Be sure to read about Little Bobby Tables. Avoiding SQL injection should not be an afterthought. Secure your application from the start. The way to do that is to parameterize your queries.
Ignoring the danger of this exact query for a moment, here's what you should do:
SqlCommand cmd = new SqlCommand("SELECT User_Password FROM Registration WHERE Email = @Email");
// ^^^^^^ parameter
cmd.Parameters.Add(new SqlParameter
{
Name = "@Email",
SqlDbType = SqlDbType.NVarChar,
Size = 100, // or whatever length your Email column is.
Value = txtEmail.Text
// ^^^^^^^^^^^^^ paramter's value
});
There are other Add overloads that you can use but I prefer this one because of how clear it is about which properties you're setting vs. the many other overloads. I've seen people use the wrong "DB Type" and get runtime errors instead of compilation errors, e.g. passing a SqlDbType value when they're using Oracle or MySql and it silently passes that value as the object value parameter. You'll encounter examples of those overloads in many of the answers on SO.
You'll also see AddWithValue used a lot -- don't use it. It's more trouble than it's worth, at least with SQL Server.
This is what I meant by the danger of that exact query...
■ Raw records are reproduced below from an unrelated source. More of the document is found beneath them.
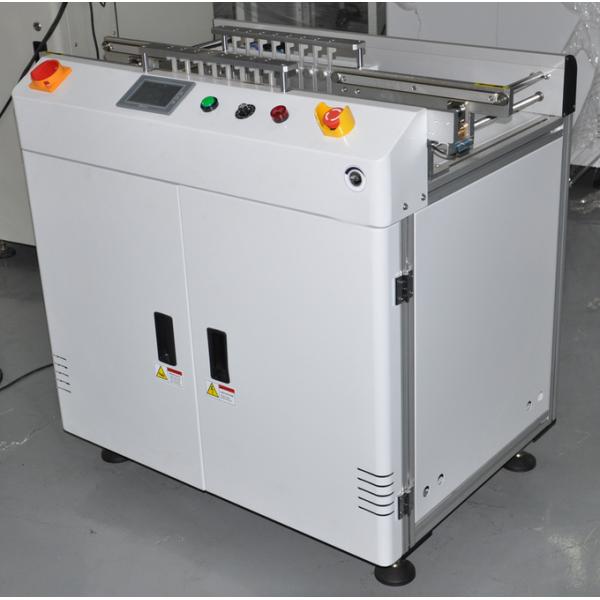 50*50~450*350mm PCB Reject Conveyor w/MITSUBISHI PLC Sick Sensor 0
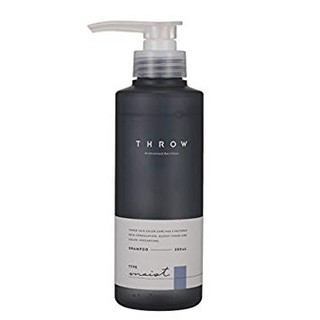 Throw hair color care shampoo - Moist 300ml  แชมพูสำหรับผมเส้นใหญ่ และผ่านการทำสีมาซ้ำๆ ช่วยถนอมเส้นผม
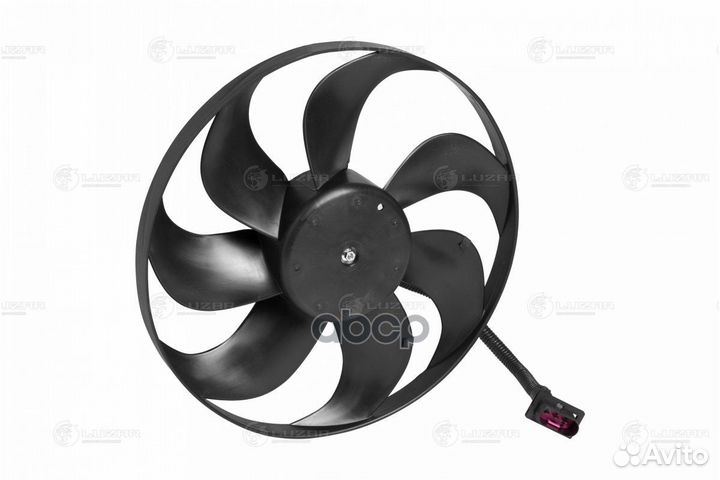 Вентилятор радиатора (без кожуха) VW golf IV 97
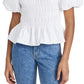 ASTR the label womens Astr Women's Savina Top Blouse, White, Large US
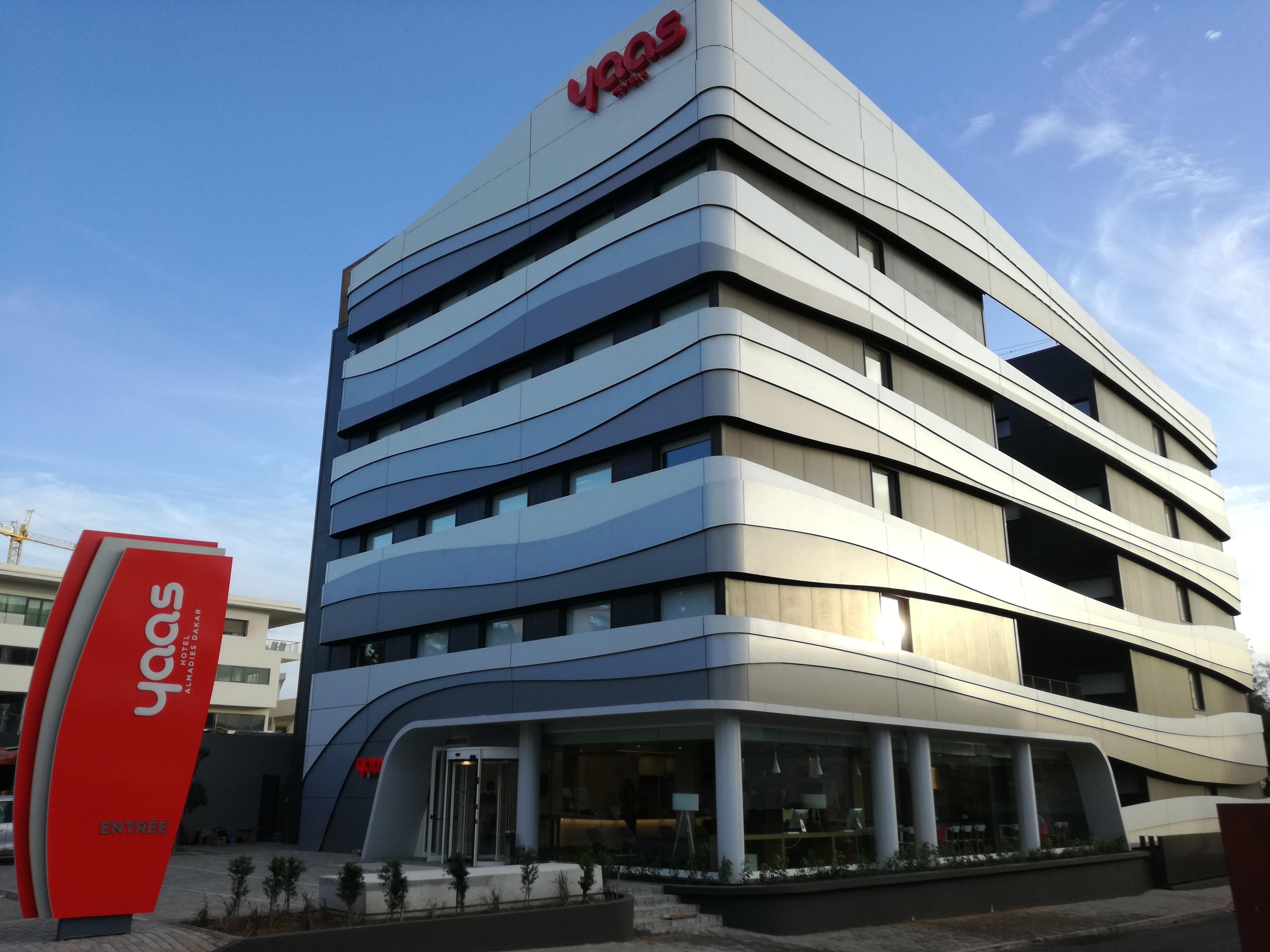 Yaas Hotel Dakar Almadies Dış mekan fotoğraf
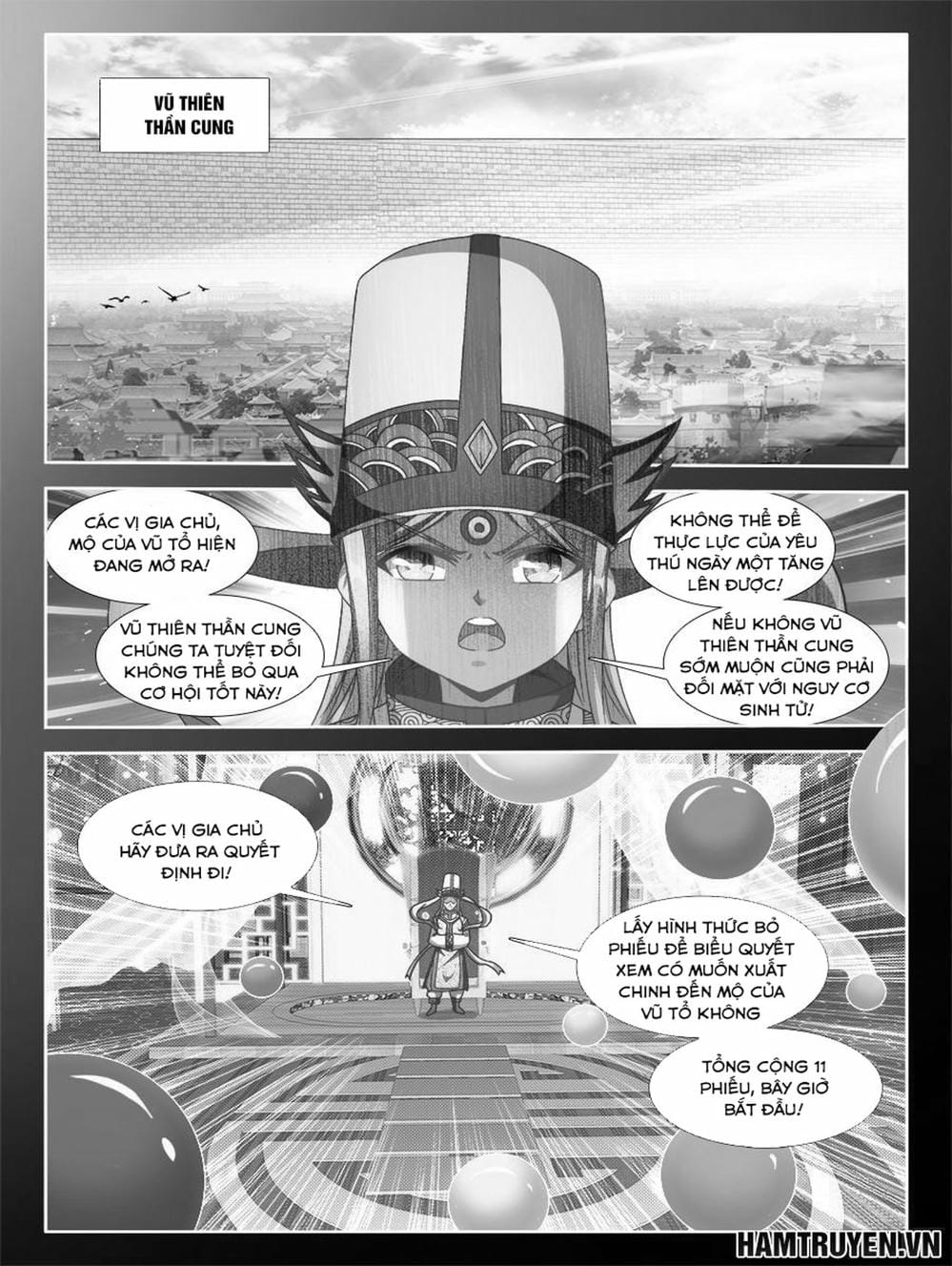 Truyện Tranh Song Tu Đạo Lữ Của Tôi - My Cultivator Girlfriend trang 6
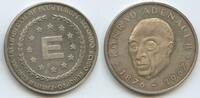 Frankreich Europa-Taler M#2102 - Konrad Adenauer 1876-1967 Zweiter Europataler -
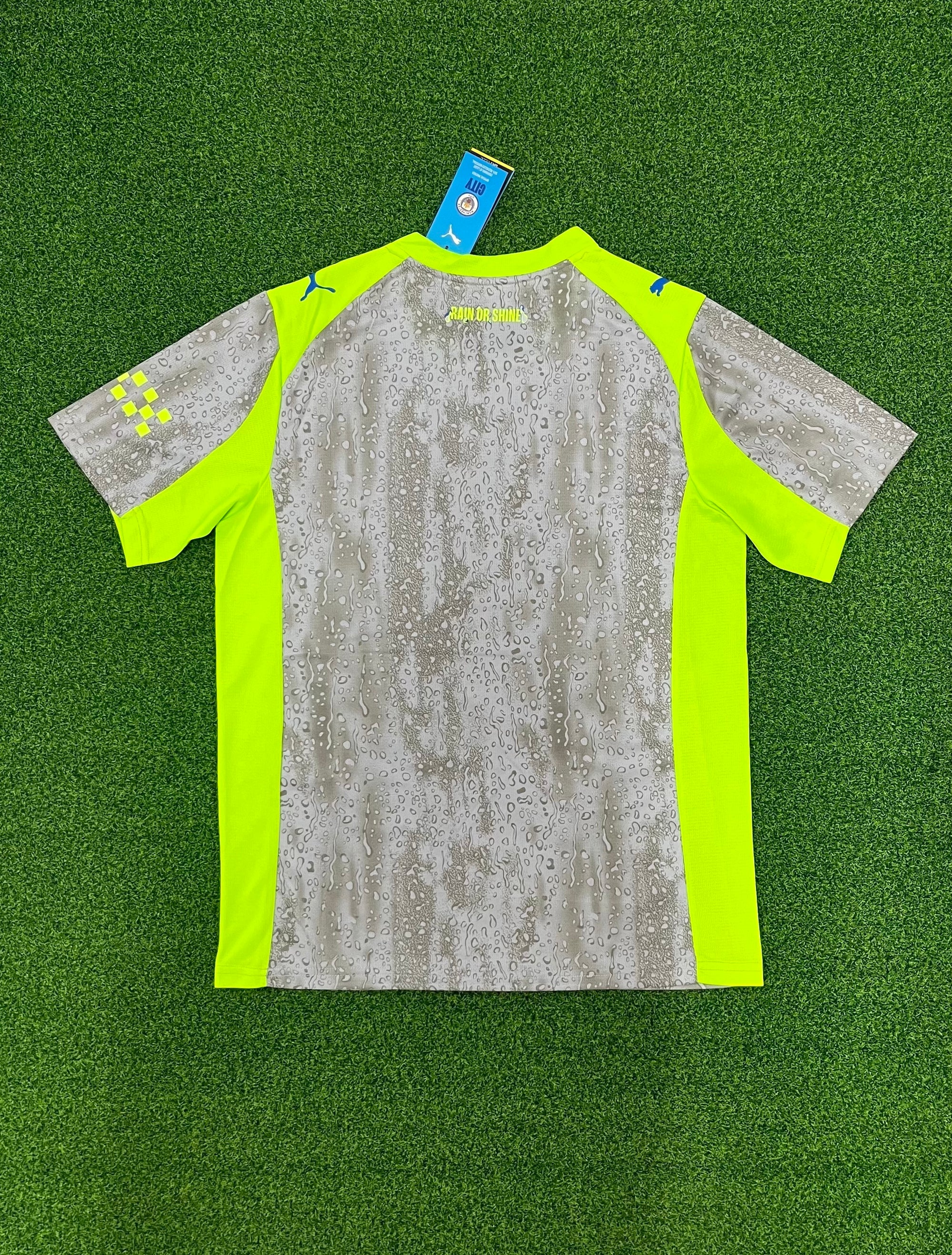 Manchester City 2025/26 Fourth Kit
Never store passwords in plain text.
You shouldn't ever send someone their password because you shouldn't ever be able to retrieve it. Instead, your database should contain a hash of the password. Your User_Password column should look like garbage not only to the human eye but also to any system used to retrieve it.
"Password recovery" is an inaccurate term when you're doing it right. Modern practices for dealing with forgotten passwords are really "access recovery" and they usually involve short-lived tokens that allow you to provide a new password.
Topics like password hashing and access recovery procedures are well documented so I won't go into them any further.